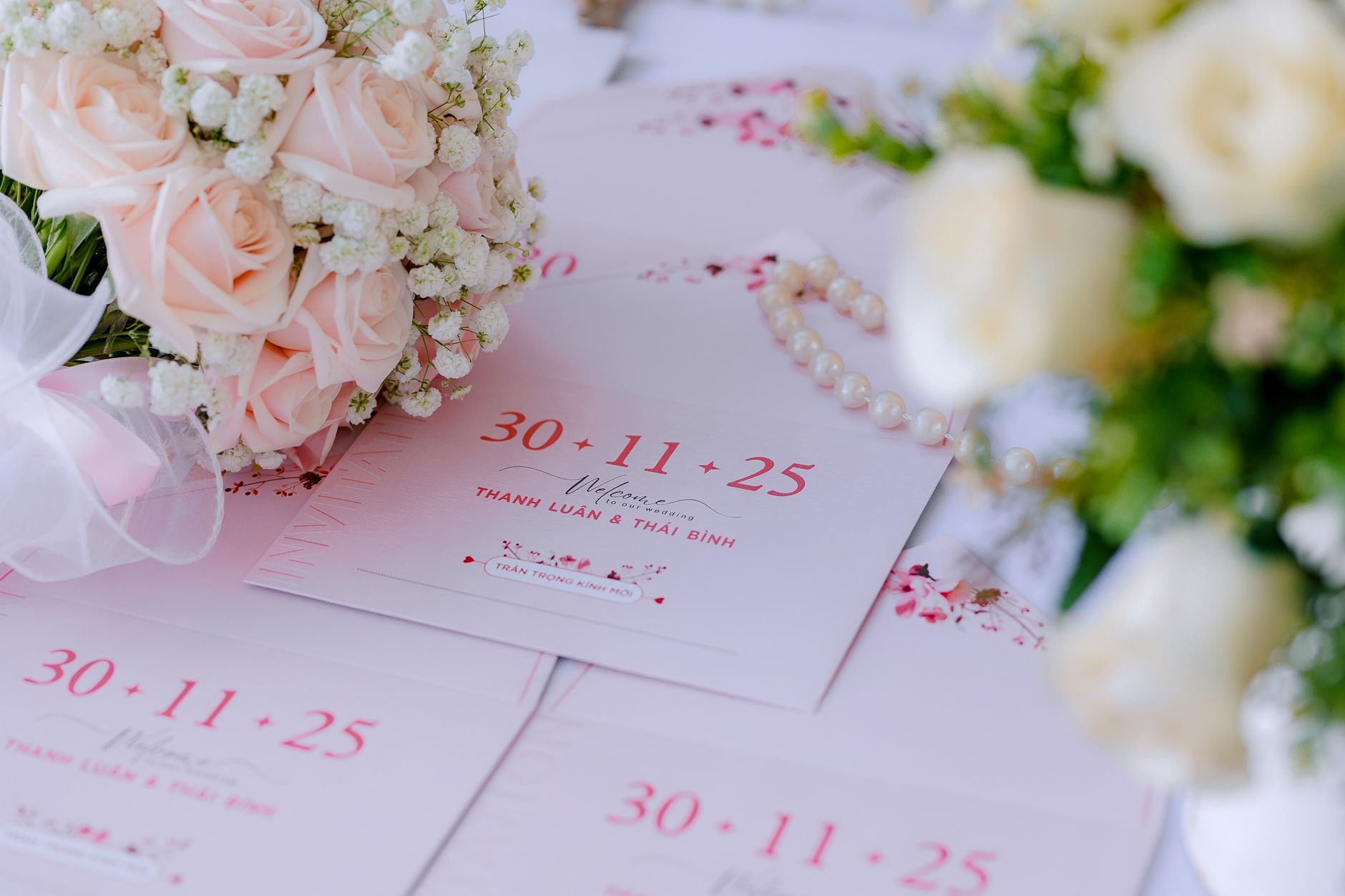 Invitations de mariage entourées de fleurs douces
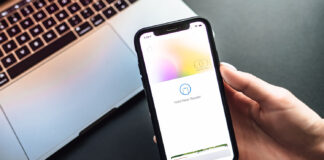 Apple Pay Smartphone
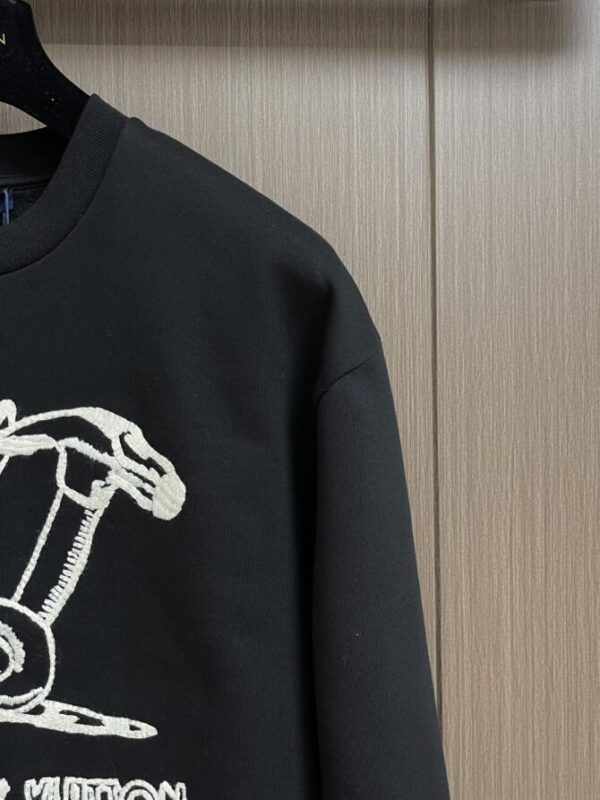 LV Sweater - Image 4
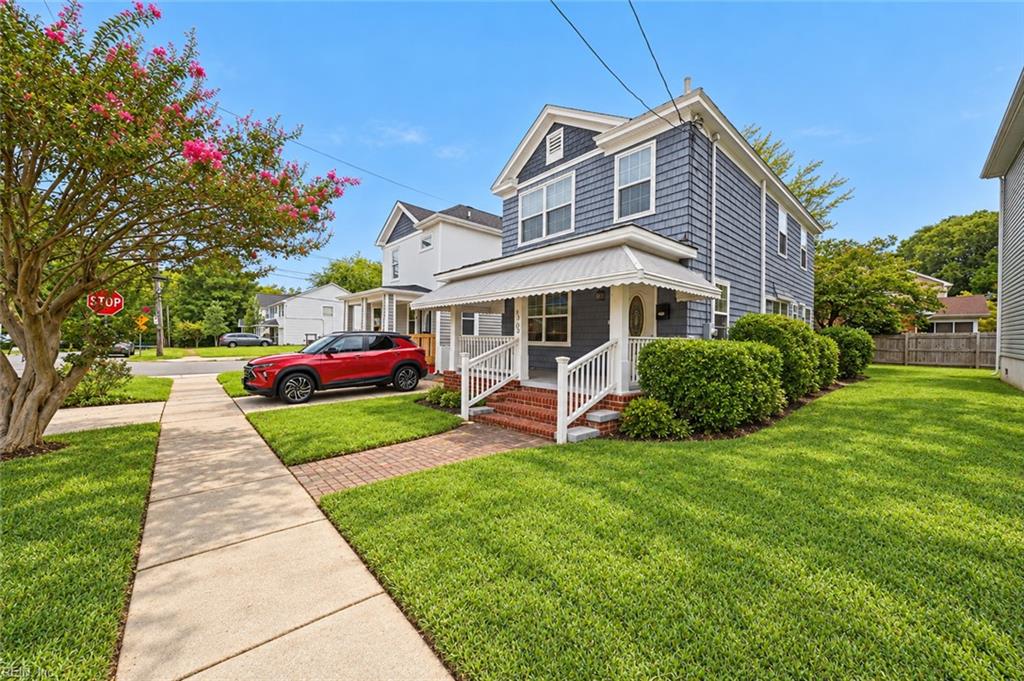 1302 Cass St Property Photo 1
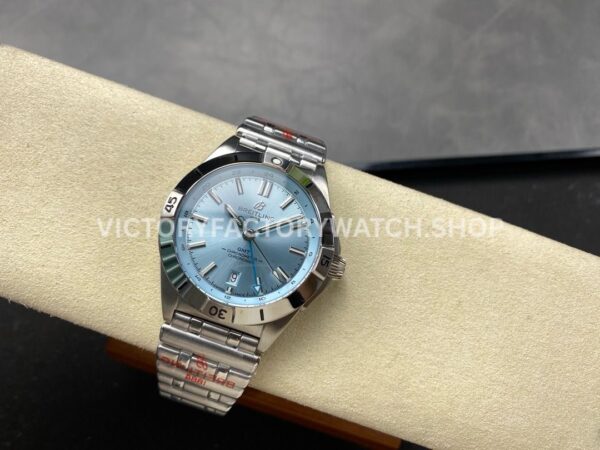 BLS Factory Breitling Chronomat GMT P32398101C1S2 40mm Full Steel Light Blue GMT Ne ( (4) BLS Factory Breitling Chronomat GMT P32398101C1S2 40mm Full Steel Light Blue GMT Needle Light Blue Dial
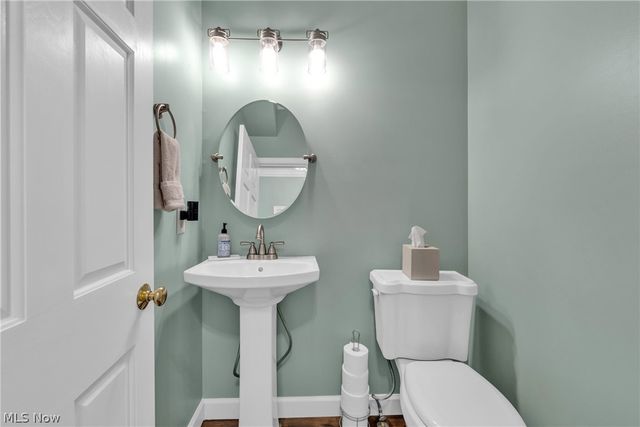 386 Weatherstone Drive, Wadsworth, OH 44281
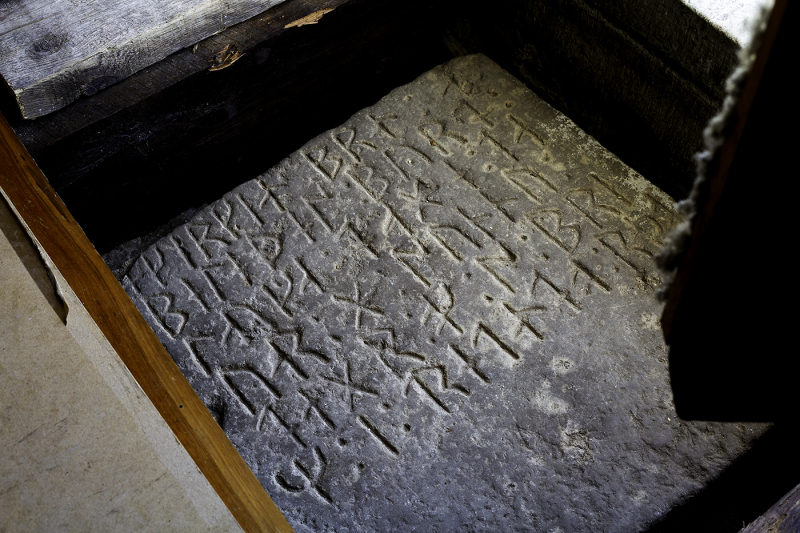 Minnessten från 1492, G 171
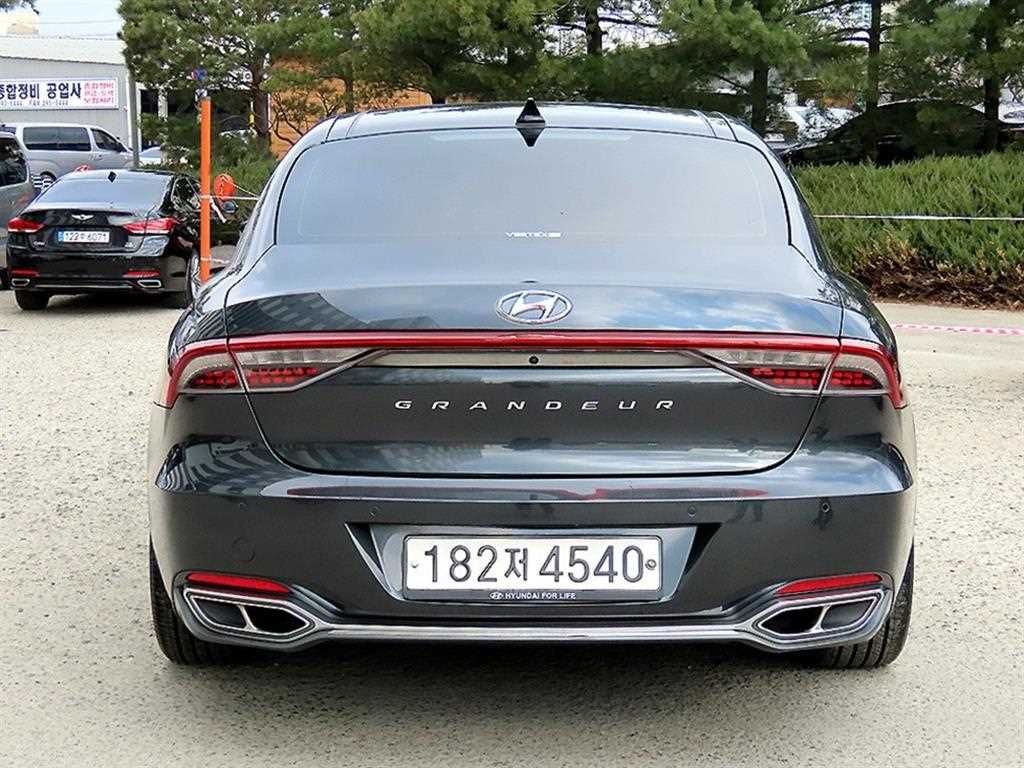HYUNDAI Grandeur - Vista 4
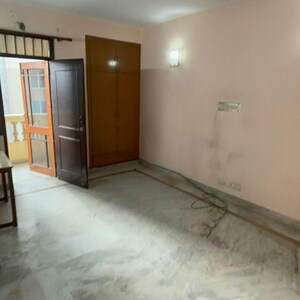 Room in 4 BHK Apartment at Stellar Kings Court, Sector 50 – for Sale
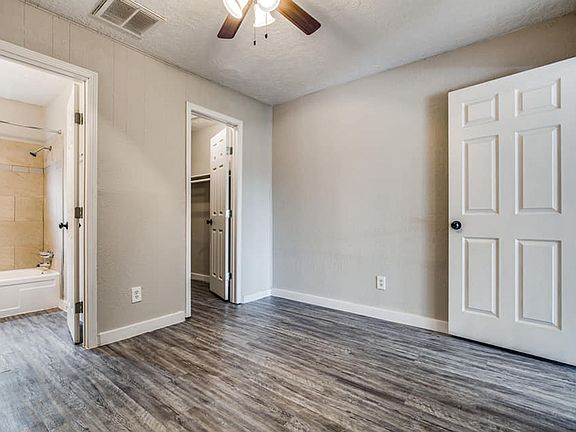 3rd image of 4820 Oak Ave APT 11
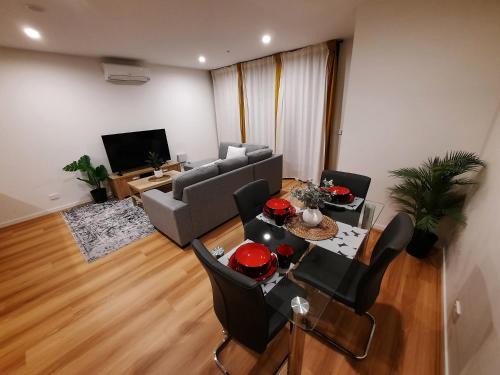 ZMITH Apartment - BROOKE, Near AIS, GIO Stadium, UC, & Nth - Canberra Hospital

_____

*Aim of the exercise*
Return nothing except the lines from the one containing "HYUNDAI Grandeur - Vista 4" through the final line of the data, copied exactly. Leave out all pictures.

*Exercise output*
HYUNDAI Grandeur - Vista 4
 Room in 4 BHK Apartment at Stellar Kings Court, Sector 50 – for Sale
 3rd image of 4820 Oak Ave APT 11
 ZMITH Apartment - BROOKE, Near AIS, GIO Stadium, UC, & Nth - Canberra Hospital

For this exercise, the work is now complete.